Michel Pelletier michel@digicool.com
Tue, 04 Apr 2000 13:44:20 -0700


Rik Hoekstra wrote:
> 
> >
> >
> >Partial searching is available in the CVS.
> >
> 
> Michel,
> 
> Is that just partial searching, or also wildcard and even regexp searching?

I define 'Partial' and 'wildcard' as the same thing, but I'm using my
own terminology so I could be wrong.  I define partial as 'finding part
or all of a word', which can be acomplished with wildcards '*part*'.

The CVS supports '*' and '?' wildcard characters (the actual character
used is configurable, in case you really want to keep those question
marks).  This involved creating a new kind of Lexicon called a
GlobbingLexicon ('Globbing' is the use of * or ? to match patterns, for
those who didn't know...).  The GlobingLexicon is quite flexible and
nice, the only disadvantage over a regular Lexicon (which does no
partial seraching) is that it consumes about three times as much memory
since each word is split into bi-grams and indexed in a mini 'lexical
index'.  It's really quite simple.  Take the words 'flexible' and
'fleece'.  When these words are added to a Globbing Lexiocon, they are
turned into::

  flexible ->  ['$f', 'fl', 'le', 'ex', 'xi', 'ib', 'bl', 'le', 'e$']

  fleece  ->  ['$f', 'fl', 'le', 'ee', 'ec', 'ce', 'e$']

('$' indicates the beginning or end of a word)

Each 'bi-gram' is indexed against the words that that bi-gram occours
in:

'$f' -> ['flexible', 'fleece']
'fl' -> ['fiexible', 'fleece']
'le' -> ['flexible', 'fleece']
'ex' -> ['flexible']
...
...
'e$' -> ['flexible', 'fleece']

When you search for 'fle*'  The Lexicon's query engine turns your query
into::

'fle*' -> ['$f', 'fl', 'le']

and then looks in the lexical index for words that contain those three
bi-grams.  It is possible for the word 'falafle' (no doubt wrongly
spelled) to contain those three lexicons, and possible false matches
like that are weed out and the end, this is efficient, becauase at this
point we have discarded all but a few words in the lexicon.

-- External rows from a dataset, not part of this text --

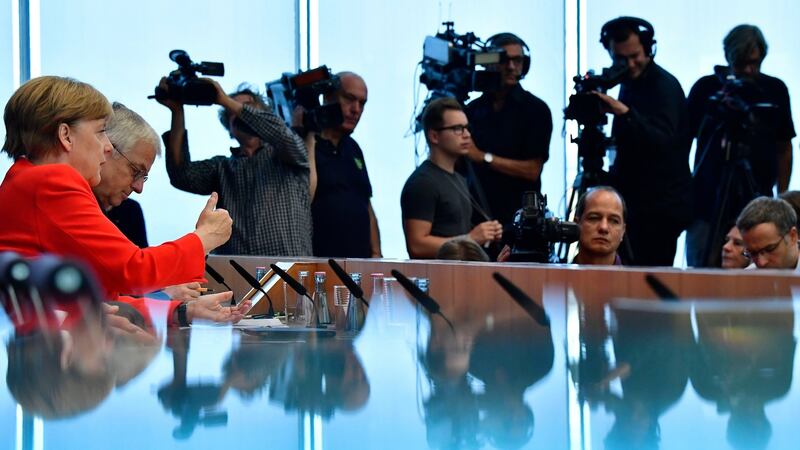 German chancellor Angela Merkel addresses the media during her traditional annual summer press conference in Berlin on August 29th. Photograph: Slchwarztobias Schwarz/AFP/Getty Images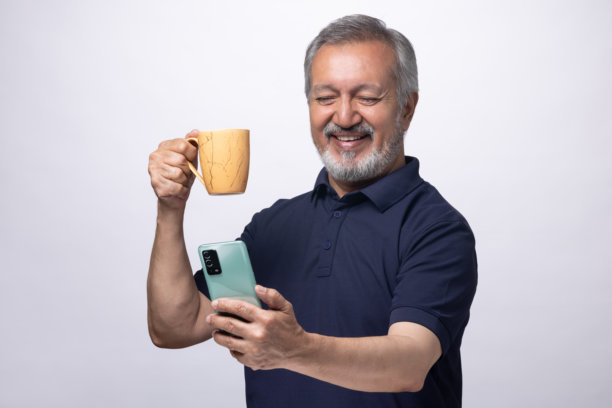 老年男子在白色背景下喝咖啡的肖像照片图片下载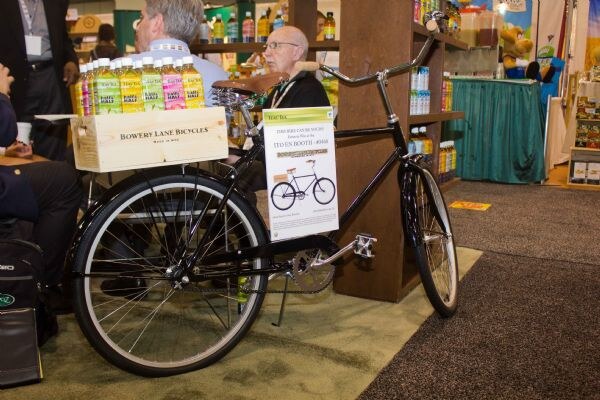 A black bicycle with a wooden Bowery Lane Bicycles crate on the back holds bottles of green and pink drinks. A sign on the bike mentions the Ito En booth. People sit behind it.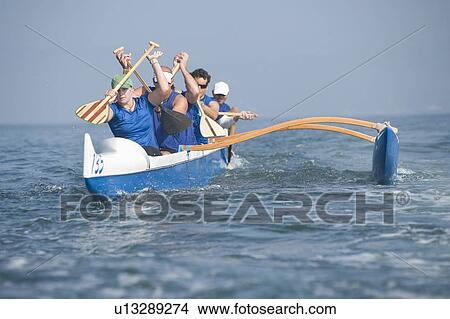Outrigger canoeing team on water View Large Photo Image Picture - Outrigger canoeing team on water. Fotosearch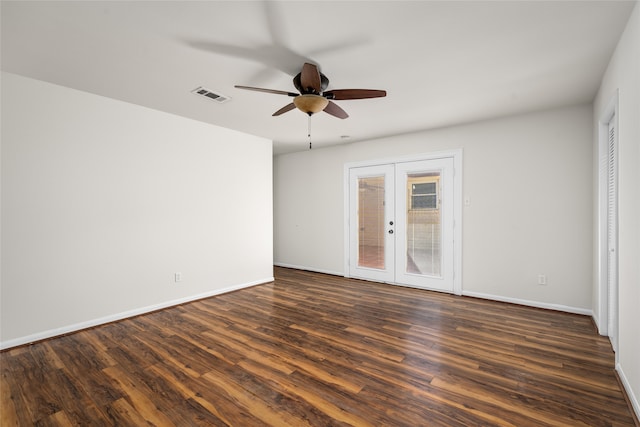 spare room with ceiling fan, dark wood-type flooring, and french doors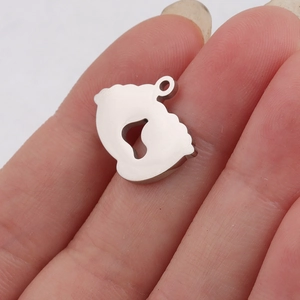 Macro view of baby feet stainless steel pendant held on finger to show compact size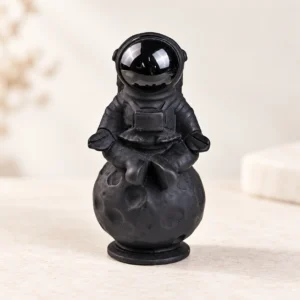 Obsidian Astronaut Crystal Carving on a light minimalist tabletop background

Regular expressions are not feasiable in any searching system.  Although
it may be possible, with the existing lexical analysis that globbing
lexicons do, to implement a larger subset of regexp than just * and ?,
it is not feasable to implement the entire regexp language.

> And since you keep locations of the words, is there proximity searching also
> possible?

The location in the document is not kept, just the score.  There are
TextIndex methods however for finding the positions of words in a
document, this is used to support the 'Near' operator, which is '...' 
This operator exists in TextIndexes now (it allways has, since I took
over the indexing realm), I tested them a few months ago but couldn't
get the concept to work.  I suspect it's buggy, the code holds over from
ZTables.
> 
> Another question: how do I retrieve a list of unique words from a full-text
> catalog? 

In 2.1, you need to hack the lexicon from Python.  In 2.2, you call a
Vocabulary object's 'words' method, or you can call the Vocabulary with
a pattern '*' to match all words, or a more restrictive pattern if you
only want all the unique words that match a pattern, like '*ing', all
the words that end in ing.

> Now, I know there is no standard way, but is it possible at all.

In 2.2 it is standard (and documented in the Interfaces Wiki).

> Can I use the items, keys etc interfaces of the text index (perhaps with
> some python hacking)?

TextIndexes do not store the word, they store an integer that the
lexicon maps to a word.  This is so text indexes can be language
independent.

-Michel